IN goes to Task Force meeting

We sent our reporter Jeremy Morrison to the Gulf Coast Ecosystem Restoration Task Force meeting. Here is his report:

EPA Chief, task force visit Pensacola
by J. Adam Morrison

Gulf Coast fisherman Donald Waters summed up local sentiment pretty well.

“In the Gulf of Mexico, in our fisheries, today we have more questions than we have answers,” Waters told the Gulf Coast Ecosystem Restoration Task Force. “We have many, many questions and very few answers.”

That was toward the end of the June 1 meeting at Pensacola’s Saenger Theatre. With the Presidentially-created task force running deep into overtime, many people — including Environmental Protection Agency Administrator Lisa Jackson and Florida Gov. Rick Scott — had left the theatre by that point.

Earlier, however, upwards of 300 people had gathered for the meeting. After cramming into an upstairs room, the crowd was directed into the more spacious — and ornate — Saenger.

“Isn’t this adorable,” admired task force member Helen Young, Deputy Commissioner Coastal Resources, Texas General Land Office, as she entered the hall.

In town for the fourth meeting in a series of six, the task force hoped to further its mission of defining oil-spill related issues in the gulf region and determining how best the government might address such issues. This October, once the meetings have wrapped up, the group will make its recommendations to President Obama.

“This task force is about looking forward,” EPA head Jackson had opened up the meeting in the smaller room.

For more than two hours, the task force heard from speakers regarding environmental and economic issues pertaining to the Gulf of Mexico following last year’s Deepwater Horizon oil spill. Once the crowd was relocated to the main theatre, task force member Mimi Drew fired the meeting back up with a pep talk and slide presentation featuring sea shells and surfers.

“Here’s a shot of a Blue Angel jet, I’m sure many of you have seen them in action,” she said, also highlighting Florida’s space launches and alligator wrestling. “You can go to Disney World in Orlando and enjoy a parade every four hours …. do you want to get married on a barge?
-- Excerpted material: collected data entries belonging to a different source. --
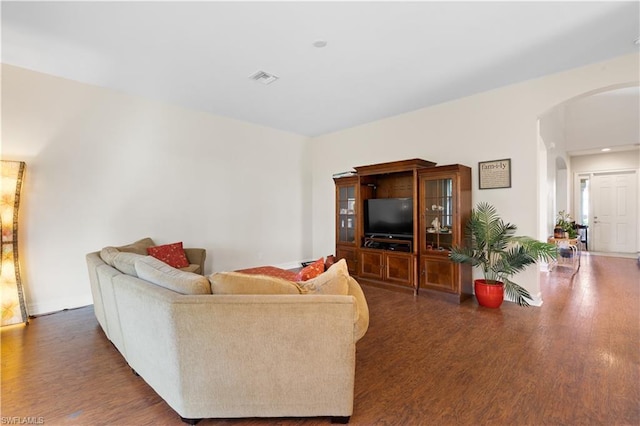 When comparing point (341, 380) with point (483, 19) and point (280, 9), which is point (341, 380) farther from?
point (483, 19)

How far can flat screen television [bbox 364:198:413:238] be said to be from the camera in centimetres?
481

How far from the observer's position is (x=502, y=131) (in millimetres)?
4141

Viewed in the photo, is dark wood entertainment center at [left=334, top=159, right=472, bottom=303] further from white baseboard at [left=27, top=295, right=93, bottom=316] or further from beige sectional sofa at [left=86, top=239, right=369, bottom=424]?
white baseboard at [left=27, top=295, right=93, bottom=316]

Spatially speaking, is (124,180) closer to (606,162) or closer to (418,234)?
(418,234)

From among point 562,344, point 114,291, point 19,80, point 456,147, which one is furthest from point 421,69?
point 19,80

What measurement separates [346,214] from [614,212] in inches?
312

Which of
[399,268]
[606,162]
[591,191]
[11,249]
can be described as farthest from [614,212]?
[11,249]

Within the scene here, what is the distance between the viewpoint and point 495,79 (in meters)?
3.90

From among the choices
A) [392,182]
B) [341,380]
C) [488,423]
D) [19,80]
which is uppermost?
[19,80]

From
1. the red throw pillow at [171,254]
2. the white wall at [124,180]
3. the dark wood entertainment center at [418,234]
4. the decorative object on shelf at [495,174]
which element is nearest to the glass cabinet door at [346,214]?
the dark wood entertainment center at [418,234]

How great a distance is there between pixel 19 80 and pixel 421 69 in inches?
184

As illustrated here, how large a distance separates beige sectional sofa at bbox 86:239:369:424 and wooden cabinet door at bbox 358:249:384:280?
330 centimetres

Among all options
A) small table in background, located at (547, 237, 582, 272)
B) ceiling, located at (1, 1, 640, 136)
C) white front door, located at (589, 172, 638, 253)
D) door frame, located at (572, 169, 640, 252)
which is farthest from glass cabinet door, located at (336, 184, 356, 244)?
white front door, located at (589, 172, 638, 253)

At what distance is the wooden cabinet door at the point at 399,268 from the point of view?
180 inches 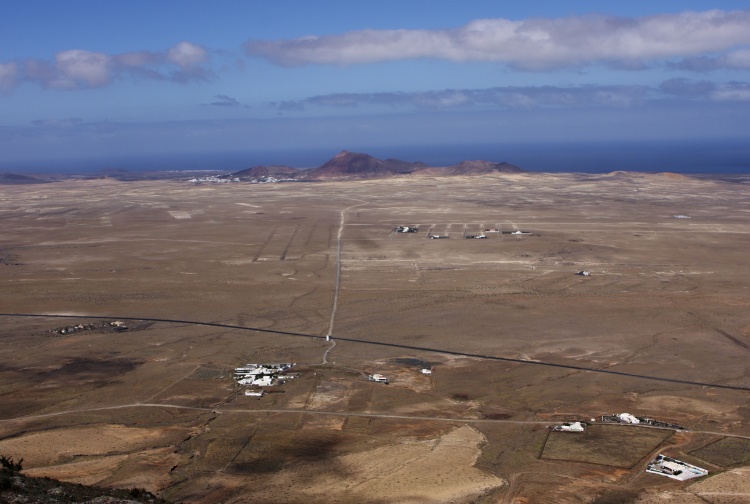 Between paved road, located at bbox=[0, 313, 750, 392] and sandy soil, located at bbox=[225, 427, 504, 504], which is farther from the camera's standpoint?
paved road, located at bbox=[0, 313, 750, 392]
We can actually provide that.”

The board heard next from Dr. Steve Murawski, University of South Florida, on the importance of working with the scientific and academic communities toward restoration: “Really, they can be your best friend or your worst enemy.”
Local academic, Dr. Rick Harper of the University of West Florida, spoke on post-spill economics and contrasted the recent crowds over Memorial Day weekend with last year’s lean Fourth of July: “We say, ‘thank goodness that the American consumer, the American tourist, has a relatively short memory.’”
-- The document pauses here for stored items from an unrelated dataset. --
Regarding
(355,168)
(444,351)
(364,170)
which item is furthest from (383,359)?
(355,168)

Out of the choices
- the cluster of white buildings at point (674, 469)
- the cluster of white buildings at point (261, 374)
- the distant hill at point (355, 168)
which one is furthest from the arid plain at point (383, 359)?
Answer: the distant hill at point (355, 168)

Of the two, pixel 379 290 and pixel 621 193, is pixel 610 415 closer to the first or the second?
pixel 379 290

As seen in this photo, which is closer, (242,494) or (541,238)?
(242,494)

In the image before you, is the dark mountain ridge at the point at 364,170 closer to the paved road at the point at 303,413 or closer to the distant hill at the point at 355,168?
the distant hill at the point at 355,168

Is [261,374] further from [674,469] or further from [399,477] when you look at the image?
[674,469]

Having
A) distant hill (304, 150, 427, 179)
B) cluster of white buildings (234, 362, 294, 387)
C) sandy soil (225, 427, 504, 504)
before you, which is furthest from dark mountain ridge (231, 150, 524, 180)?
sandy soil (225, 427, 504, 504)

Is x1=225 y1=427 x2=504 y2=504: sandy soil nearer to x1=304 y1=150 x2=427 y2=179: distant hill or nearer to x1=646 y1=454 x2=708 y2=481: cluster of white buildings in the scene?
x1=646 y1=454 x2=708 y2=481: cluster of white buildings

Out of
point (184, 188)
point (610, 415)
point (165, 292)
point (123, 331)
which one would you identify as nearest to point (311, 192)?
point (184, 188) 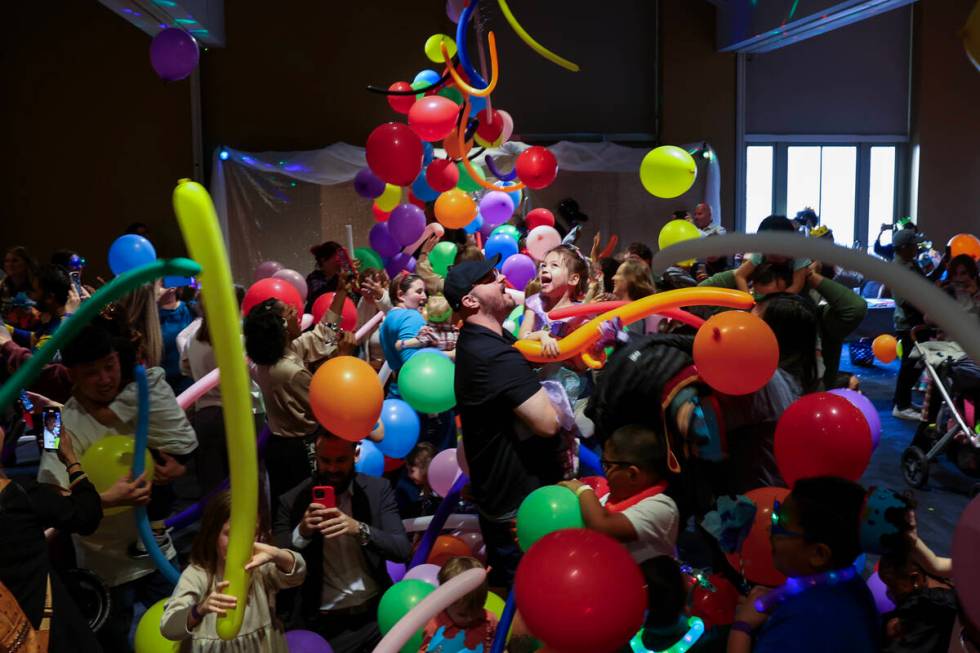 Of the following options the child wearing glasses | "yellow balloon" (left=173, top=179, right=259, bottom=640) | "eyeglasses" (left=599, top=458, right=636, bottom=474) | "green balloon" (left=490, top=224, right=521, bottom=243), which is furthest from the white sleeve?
"green balloon" (left=490, top=224, right=521, bottom=243)

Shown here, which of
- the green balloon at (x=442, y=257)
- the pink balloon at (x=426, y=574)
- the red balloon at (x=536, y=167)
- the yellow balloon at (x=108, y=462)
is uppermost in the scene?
the red balloon at (x=536, y=167)

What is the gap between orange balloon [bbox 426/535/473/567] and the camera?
3.19 metres

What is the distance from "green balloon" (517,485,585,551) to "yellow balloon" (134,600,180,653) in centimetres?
102

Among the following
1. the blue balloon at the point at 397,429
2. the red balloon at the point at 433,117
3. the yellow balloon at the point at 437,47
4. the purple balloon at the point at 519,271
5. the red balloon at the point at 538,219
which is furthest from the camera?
the red balloon at the point at 538,219

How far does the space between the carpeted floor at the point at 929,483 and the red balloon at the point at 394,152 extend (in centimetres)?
312

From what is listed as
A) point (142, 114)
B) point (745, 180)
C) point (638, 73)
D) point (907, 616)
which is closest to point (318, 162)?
point (142, 114)

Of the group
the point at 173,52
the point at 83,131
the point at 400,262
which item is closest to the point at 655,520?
the point at 400,262

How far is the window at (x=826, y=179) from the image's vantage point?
12234 mm

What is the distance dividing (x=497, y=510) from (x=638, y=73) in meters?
10.0

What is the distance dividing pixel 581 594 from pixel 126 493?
1454mm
Other speakers expounded on the variety of life in the Gulf, the importance of the area to military training and the importance of the region’s ports. Following the formal meeting, the task force took the time to hear concerns from the public.
In between — and before ducking out to catch a flight to D.C. — Jackson fielded a few questions from the press in an upstairs room overlooking the theatre lobby.

“We’re here to make manifest the President’s commitment,” Jackson said, going on to comment on the task force’s “great progress” and Gulf Coast residents’ “incredible interest, love and passion.”
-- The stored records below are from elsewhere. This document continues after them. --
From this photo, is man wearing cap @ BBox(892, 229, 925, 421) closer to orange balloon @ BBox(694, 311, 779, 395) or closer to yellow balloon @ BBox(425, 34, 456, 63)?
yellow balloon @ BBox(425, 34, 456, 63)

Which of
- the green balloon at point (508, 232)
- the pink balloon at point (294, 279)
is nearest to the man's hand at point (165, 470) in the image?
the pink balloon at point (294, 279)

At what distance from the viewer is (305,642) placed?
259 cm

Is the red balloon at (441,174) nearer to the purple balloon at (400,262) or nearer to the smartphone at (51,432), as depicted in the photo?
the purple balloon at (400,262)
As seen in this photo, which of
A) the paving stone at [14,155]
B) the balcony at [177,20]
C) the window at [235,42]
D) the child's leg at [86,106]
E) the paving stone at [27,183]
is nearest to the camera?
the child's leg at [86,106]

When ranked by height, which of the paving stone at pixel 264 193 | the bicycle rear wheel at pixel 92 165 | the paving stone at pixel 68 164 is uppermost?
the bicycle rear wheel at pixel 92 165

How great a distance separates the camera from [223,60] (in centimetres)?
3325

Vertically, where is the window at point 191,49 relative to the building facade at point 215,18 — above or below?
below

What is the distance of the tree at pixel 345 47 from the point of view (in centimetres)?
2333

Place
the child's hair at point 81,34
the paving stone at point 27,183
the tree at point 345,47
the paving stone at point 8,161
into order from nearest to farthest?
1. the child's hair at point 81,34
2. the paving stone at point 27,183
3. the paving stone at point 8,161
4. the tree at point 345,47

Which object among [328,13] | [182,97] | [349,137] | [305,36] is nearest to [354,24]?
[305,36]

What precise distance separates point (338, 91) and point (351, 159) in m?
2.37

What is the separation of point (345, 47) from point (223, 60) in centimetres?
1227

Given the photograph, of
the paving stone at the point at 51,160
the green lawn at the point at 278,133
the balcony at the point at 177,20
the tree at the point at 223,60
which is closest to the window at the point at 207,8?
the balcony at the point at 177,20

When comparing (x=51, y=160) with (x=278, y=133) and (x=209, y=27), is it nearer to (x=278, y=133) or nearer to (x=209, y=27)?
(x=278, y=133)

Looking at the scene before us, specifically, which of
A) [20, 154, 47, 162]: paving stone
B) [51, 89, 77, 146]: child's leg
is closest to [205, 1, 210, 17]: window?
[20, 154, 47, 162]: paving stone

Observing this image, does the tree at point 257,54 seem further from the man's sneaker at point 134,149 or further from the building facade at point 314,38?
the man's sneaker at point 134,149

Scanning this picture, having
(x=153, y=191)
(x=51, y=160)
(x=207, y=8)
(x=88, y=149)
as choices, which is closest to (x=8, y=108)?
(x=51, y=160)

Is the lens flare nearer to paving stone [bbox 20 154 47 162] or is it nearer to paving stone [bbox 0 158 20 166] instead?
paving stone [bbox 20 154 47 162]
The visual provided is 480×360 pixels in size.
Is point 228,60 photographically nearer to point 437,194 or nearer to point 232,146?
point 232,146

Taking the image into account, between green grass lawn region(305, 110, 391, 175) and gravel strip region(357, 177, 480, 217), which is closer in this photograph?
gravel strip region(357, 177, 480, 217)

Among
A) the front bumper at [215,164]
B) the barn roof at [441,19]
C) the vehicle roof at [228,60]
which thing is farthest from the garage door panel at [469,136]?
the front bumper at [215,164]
The EPA chief also had the opportunity to address recent discrepancies between Gulf research stemming from the halls of academia and reports hailing from governmental entities. While scientists from various universities and organizations have observed effects such as fish with lesions, liver damage and possible interruptions in the Gulf food chain, federal and state agencies have reported no such findings and maintain the Gulf is safe for fishing.

“I, frankly, welcome science that comes in that’s painting a different picture,” Jackson said.